The wall, looming above me, steel metal plates leaving only a small gap. Barbed wire meticulously placed. To reduce fear. Fear. We see immigrants as inhuman and as statistics, but do we really know who they are?

On March 27, Shelley, a professor from Simmons University on a sabbatical with her husband Jonathan, met with us to discuss the history behind the US-Mexican border. I was uneducated before her presentation since I have always lived in the Connecticut bubble of  gathering information and developing my opinions based on only the media. Her presentation discussed all the wrongdoings of the United States in regards to immigration, as well as allowed me to develop a whole new perspective. One of the statistics that resonated with me was that the number of border patrol agents have increased from 4,100 to 23,600 agents from 1992-2018. This statistic made me realize the vast amount of resources the United States government has put into the process of dehumanization, the wall.

Not only did we meet Shelley but we also met with a man named Balty. Balty is an educator, and a powerhouse at that. He started his own school called Mexicayotl for grades K-8 after teaching in public schools for many years. His belief was that public school limited students from experiential learning, and with that, he stated that his school is all about figuring out who you really are in order to know where you want to go in life. Education has always been an important factor in my life with my mom working in a school system and my desire to pursue education as a career, and he inspired me significantly. Also, his school is top three in the nation and has won a blue ribbon. He taught me that learning by experience is just as beneficial as traditional learning, if not more.

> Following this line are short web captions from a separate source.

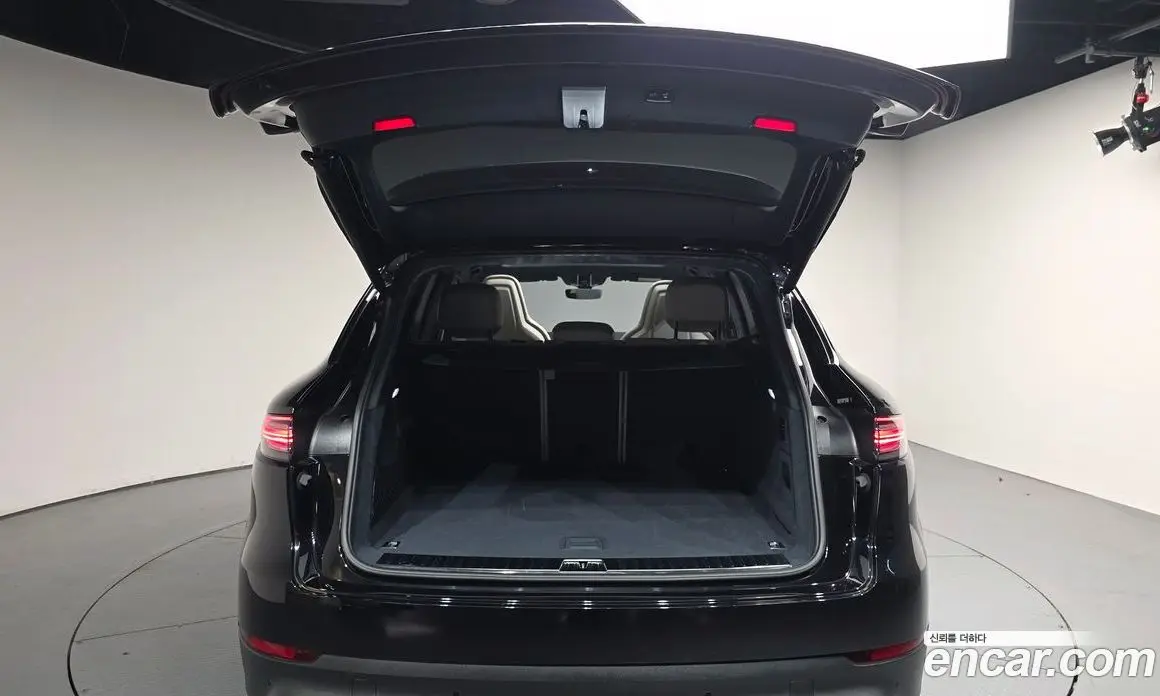 Porsche Cayenne 2021 3.0 автомат (гидро), фото 26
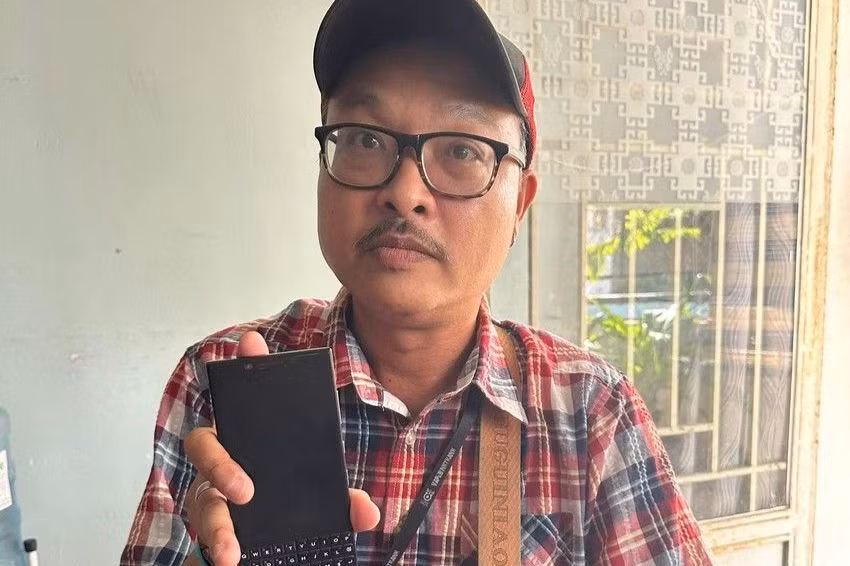 Ông Hiếu may mắn nhận lại được một điện thoại bị kẻ gian lấy trộm. Ảnh: A.X.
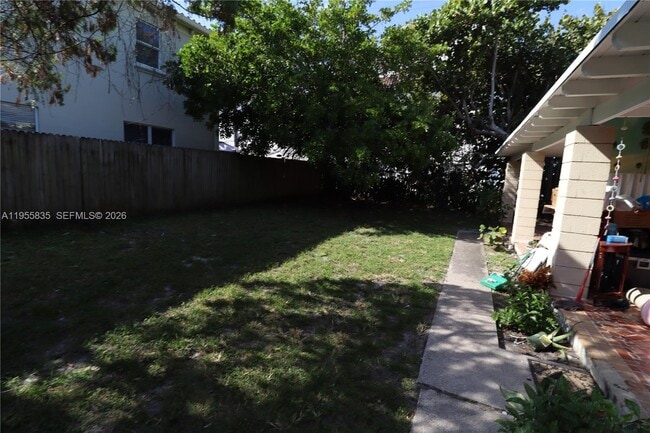 Building Photo - 1139 NE 10th Ave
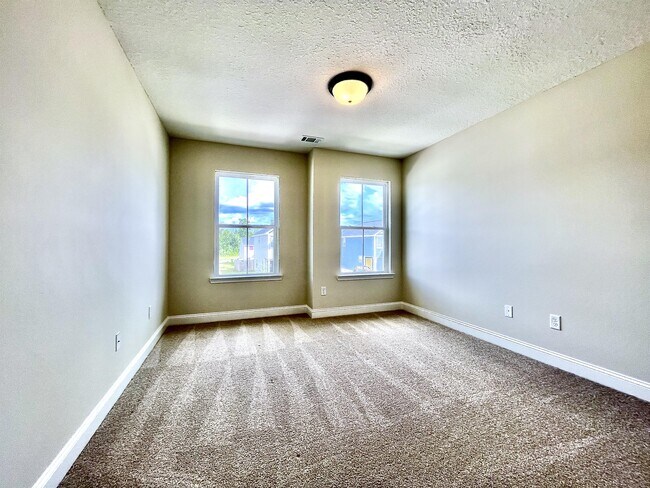 Building Photo - 759 Fairview Cir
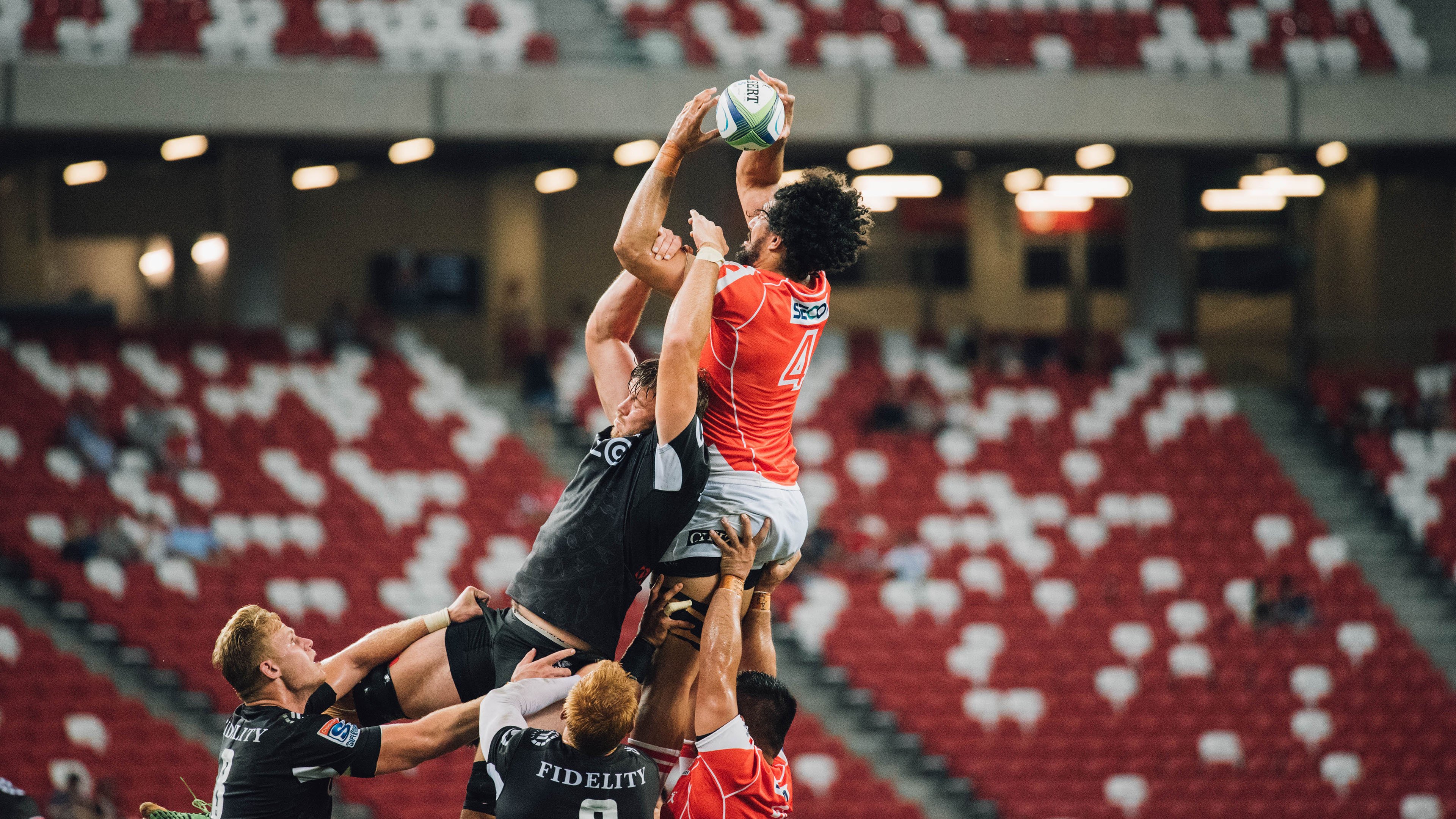 【本垒打的奥秘】如何准确击中高远球？技巧与规则解读，击打高远球最佳落点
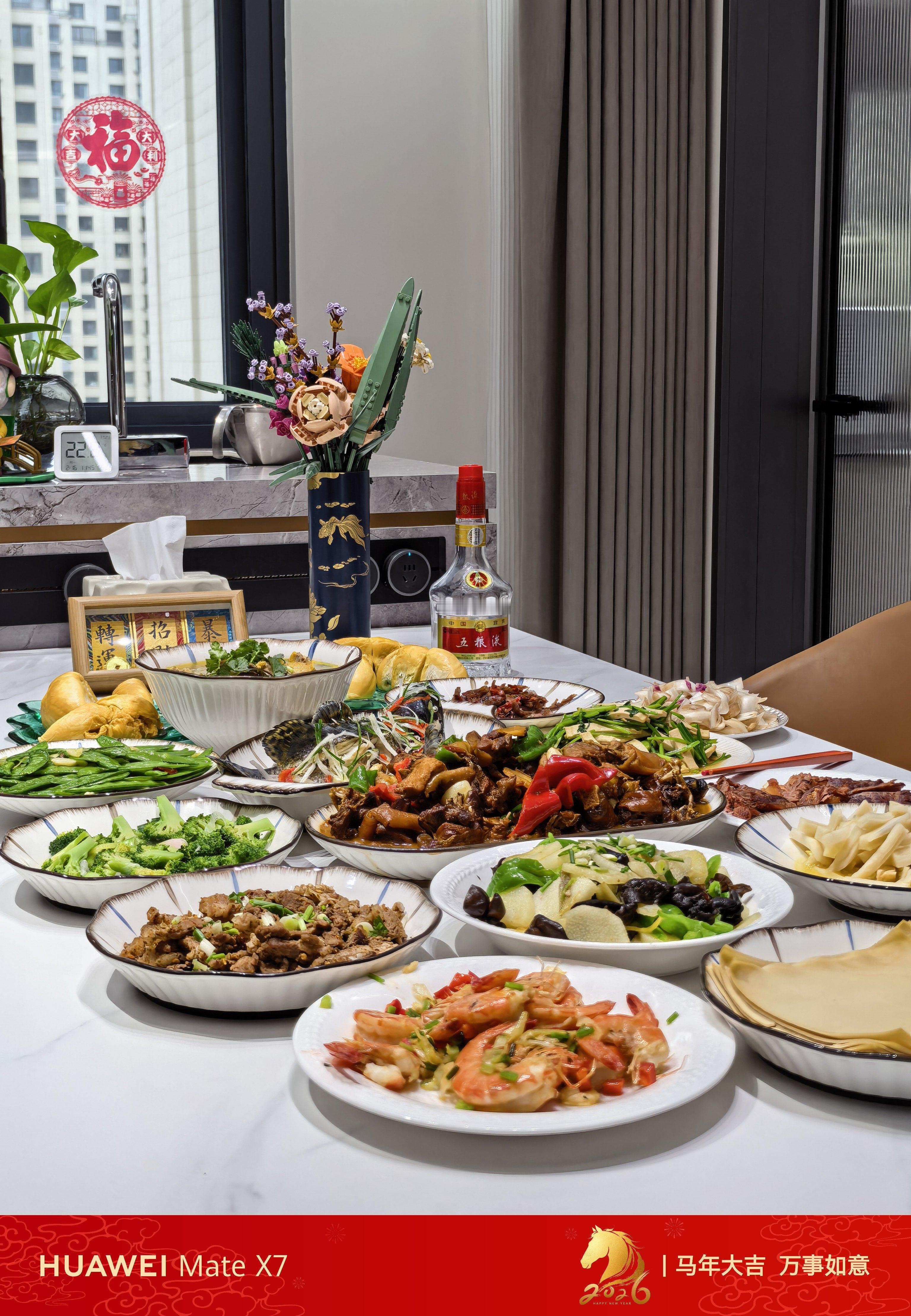 你们是中午还是晚上吃 年夜饭 啊我们家安徽北部是中午 年夜饭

Part of our time with Shelley and Balty was on action planning and how we can carry out and use our new knowledge to benefit society and make systemic and social changes. During this time I was able to speak one on one with Balty on education, specifically equity and how he developed his school. I learned that he is probably one of the coolest people I have met thus far, and he lit a fire under me to want to create change. Additionally, at this time I made a goal about an action I want to take back to my community which reinforced my passion for equity and access in education.

Overall, this time with Shelley and Balty has been very reformative in relation to my previous opinions, ideas, and values and of course, I have learned a ton. I hope one day I can cross paths with Shelley and Balty again.